Here's where it gets complicated: you can meet liturgical hobbyists, and even liturgical cranks, at any O.F. Mass, and you can meet lots of nice people at the E.F. Mass who aren't liturgical cranks at all or even liturgical hobbyists except sometimes for the fun of it--and then, of course, you can meet lay Catholic scholars who turn out to be liturgical cranks, and some of the time you can meet Catholic clergy who are liturgical cranks, so there's a lot of overlap in these categories. The bottom line is that just because you meet someone who tells you up front that unlike Mark Shea he or she actually enjoys thinking about the liturgy, it doesn't make them the kind of bitter liturgical crank who is convinced that most of the O.F. Catholics are contraceptors and Marxist-feminists who are already going to Hell.

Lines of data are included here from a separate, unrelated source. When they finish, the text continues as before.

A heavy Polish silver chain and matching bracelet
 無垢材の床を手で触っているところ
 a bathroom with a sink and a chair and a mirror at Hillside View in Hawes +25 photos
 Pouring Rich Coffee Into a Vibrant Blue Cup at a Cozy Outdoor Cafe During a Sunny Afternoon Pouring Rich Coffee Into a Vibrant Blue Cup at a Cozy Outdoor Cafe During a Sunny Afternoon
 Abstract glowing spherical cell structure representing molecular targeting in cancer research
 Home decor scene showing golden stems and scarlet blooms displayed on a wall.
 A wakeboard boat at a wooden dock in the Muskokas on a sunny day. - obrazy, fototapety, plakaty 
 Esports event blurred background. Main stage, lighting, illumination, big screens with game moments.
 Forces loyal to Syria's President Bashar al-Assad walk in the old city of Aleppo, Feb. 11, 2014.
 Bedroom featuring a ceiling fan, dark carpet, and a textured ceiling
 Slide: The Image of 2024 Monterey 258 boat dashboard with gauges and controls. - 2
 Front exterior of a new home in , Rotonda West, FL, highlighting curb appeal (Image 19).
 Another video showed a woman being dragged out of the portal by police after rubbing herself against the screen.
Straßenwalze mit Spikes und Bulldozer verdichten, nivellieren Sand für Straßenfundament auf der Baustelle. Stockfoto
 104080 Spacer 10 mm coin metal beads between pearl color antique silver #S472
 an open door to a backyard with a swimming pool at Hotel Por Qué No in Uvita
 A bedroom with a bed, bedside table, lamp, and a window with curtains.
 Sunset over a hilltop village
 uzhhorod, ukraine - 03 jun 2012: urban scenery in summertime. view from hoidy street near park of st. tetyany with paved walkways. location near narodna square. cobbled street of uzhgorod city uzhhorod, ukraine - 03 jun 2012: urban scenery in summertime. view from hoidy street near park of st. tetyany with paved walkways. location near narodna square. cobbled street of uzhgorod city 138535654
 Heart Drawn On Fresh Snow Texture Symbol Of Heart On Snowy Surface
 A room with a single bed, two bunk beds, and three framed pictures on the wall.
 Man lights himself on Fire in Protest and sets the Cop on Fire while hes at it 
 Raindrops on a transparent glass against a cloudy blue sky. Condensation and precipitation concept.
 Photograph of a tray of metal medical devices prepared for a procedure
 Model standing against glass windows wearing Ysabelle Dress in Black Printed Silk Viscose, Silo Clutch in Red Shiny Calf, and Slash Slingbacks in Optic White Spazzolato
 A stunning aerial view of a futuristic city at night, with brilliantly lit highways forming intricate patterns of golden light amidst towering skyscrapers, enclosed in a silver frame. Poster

Fortunately, there's an easy way to tell the difference between people who say they love the liturgy (either form) and mean exactly that, and people who say they love the liturgy but mean that they love some image of a perfect Mass they've never actually seen (again, in either form) or seen only rarely because the Masonically influenced bishops and modernist priests keep stealing their--our--liturgical patrimony, and it is this: let them talk for a bit.
People who love the Mass love it, full stop. If you tell them you've only been to an E.F. Mass twice and didn't really "get" it, they might enthusiastically encourage you to try again, or they might be joyful that you like the O.F. Mass and go to Mass every Sunday. What they won't do is tell you you're an inferior modernist hippie-chick Catholic so used to eating "baby food" or "pablum" that you can't yet stomach the "solid meat" of the Extraordinary Form, but that they will pray a Novena to St. Suspicious for you to gain the holiness, wisdom, and spiritual maturity to be able to attend, with the proper amounts of awe, fear, and trembling, the Extraordinary Form before it is just too late for your immortal soul.
There's nothing wrong with thinking about the liturgy; there's nothing wrong with just being grateful for it, either (unless you're a clergyman whose job involves thinking about the liturgy and you are shirking, of course). But there is something wrong with thinking that thinking about the liturgy and coming to conclusions very much against the mind of Holy Mother Church is a good thing.